WHAT YOU NEED TO DO:
All that should be output is the block of lines below from the line with "Market position of" to the line with "間取りづくりにおける住まい手", both included, exactly as written.

Records from a data source:
***

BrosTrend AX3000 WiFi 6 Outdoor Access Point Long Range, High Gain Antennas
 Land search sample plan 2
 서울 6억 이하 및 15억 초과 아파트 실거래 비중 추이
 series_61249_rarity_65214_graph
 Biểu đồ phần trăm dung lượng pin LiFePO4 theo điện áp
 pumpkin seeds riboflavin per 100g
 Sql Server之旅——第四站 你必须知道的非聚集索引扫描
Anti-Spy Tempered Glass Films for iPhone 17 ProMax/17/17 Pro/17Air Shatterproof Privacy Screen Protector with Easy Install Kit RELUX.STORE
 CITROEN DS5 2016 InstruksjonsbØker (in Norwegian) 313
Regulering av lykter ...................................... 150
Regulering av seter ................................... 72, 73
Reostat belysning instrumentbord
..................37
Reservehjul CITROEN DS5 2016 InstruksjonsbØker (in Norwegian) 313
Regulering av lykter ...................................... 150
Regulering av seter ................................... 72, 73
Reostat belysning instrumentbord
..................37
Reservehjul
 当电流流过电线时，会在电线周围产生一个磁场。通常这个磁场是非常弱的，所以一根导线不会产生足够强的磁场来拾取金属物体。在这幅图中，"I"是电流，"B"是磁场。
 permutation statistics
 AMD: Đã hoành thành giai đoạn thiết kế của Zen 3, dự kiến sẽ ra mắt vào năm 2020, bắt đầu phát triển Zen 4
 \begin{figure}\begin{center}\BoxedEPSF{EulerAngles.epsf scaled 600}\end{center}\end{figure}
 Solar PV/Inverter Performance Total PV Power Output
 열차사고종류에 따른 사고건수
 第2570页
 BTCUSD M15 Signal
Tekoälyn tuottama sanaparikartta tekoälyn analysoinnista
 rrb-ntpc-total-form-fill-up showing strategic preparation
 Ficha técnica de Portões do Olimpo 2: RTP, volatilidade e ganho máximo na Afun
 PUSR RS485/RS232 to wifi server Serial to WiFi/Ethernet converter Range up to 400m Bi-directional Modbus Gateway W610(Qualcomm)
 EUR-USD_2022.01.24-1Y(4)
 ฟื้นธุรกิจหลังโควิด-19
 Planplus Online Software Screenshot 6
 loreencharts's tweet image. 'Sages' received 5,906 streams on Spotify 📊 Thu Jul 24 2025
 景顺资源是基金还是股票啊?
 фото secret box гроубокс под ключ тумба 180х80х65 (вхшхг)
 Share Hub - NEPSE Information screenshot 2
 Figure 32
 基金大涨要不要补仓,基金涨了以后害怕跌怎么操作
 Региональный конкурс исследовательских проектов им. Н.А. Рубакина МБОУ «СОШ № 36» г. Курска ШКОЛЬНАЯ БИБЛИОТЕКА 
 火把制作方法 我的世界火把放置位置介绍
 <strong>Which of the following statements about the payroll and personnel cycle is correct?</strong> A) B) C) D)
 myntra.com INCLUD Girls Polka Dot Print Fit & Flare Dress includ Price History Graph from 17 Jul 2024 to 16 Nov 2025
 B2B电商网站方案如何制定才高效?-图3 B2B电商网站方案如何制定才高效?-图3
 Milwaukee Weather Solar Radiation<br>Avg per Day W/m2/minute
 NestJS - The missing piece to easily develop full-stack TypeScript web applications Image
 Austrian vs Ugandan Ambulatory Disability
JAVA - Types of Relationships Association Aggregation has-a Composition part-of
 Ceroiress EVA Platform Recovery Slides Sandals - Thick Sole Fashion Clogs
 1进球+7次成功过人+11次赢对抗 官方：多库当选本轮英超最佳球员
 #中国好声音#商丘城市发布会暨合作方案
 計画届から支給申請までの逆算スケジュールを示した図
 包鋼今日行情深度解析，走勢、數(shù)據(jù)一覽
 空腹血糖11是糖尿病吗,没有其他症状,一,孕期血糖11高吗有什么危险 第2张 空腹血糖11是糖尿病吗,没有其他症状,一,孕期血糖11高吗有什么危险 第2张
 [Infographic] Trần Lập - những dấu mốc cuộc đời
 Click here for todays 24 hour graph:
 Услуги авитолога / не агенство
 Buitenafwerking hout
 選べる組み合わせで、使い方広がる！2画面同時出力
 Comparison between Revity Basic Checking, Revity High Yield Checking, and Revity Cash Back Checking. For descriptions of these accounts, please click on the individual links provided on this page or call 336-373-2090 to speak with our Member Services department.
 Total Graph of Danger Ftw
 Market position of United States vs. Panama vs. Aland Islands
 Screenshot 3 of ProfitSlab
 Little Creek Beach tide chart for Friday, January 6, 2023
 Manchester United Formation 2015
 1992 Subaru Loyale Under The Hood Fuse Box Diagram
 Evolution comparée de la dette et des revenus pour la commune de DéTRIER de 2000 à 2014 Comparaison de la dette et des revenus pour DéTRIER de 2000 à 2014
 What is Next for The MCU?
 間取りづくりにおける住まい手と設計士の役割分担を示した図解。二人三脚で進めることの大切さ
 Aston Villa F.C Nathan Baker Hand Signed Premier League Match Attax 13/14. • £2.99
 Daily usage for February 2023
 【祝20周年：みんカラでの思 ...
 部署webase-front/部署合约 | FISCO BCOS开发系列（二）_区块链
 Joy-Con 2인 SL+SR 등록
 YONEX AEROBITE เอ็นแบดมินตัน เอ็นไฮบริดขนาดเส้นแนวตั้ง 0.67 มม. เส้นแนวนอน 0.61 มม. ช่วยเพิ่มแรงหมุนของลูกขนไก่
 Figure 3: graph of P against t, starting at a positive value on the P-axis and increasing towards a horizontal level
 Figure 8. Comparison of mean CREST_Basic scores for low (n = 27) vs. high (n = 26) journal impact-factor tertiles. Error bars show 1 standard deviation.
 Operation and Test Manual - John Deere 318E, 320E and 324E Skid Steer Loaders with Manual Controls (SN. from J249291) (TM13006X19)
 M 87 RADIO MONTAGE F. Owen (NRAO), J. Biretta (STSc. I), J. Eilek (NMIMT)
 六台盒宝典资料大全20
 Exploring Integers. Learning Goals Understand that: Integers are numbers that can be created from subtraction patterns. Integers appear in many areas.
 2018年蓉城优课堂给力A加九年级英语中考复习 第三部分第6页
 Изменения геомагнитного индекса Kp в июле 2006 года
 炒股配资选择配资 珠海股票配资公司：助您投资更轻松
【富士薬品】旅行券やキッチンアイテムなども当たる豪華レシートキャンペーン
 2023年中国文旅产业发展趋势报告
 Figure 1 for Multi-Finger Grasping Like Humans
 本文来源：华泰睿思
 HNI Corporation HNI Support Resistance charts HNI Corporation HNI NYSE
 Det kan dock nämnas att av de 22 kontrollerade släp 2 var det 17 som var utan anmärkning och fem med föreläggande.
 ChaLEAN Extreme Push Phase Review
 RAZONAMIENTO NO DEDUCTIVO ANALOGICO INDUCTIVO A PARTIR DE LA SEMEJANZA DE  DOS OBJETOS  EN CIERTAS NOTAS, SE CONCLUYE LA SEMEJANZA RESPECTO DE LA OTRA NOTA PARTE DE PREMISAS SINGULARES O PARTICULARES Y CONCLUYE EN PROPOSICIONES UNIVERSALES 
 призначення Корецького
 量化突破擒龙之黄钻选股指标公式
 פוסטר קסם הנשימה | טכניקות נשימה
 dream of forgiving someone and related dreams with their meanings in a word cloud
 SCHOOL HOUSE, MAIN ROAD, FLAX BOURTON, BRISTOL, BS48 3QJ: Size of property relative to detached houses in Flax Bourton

***

REPLY TO THE TASK:
 Market position of United States vs. Panama vs. Aland Islands
 Screenshot 3 of ProfitSlab
 Little Creek Beach tide chart for Friday, January 6, 2023
 Manchester United Formation 2015
 1992 Subaru Loyale Under The Hood Fuse Box Diagram
 Evolution comparée de la dette et des revenus pour la commune de DéTRIER de 2000 à 2014 Comparaison de la dette et des revenus pour DéTRIER de 2000 à 2014
 What is Next for The MCU?
 間取りづくりにおける住まい手と設計士の役割分担を示した図解。二人三脚で進めることの大切さ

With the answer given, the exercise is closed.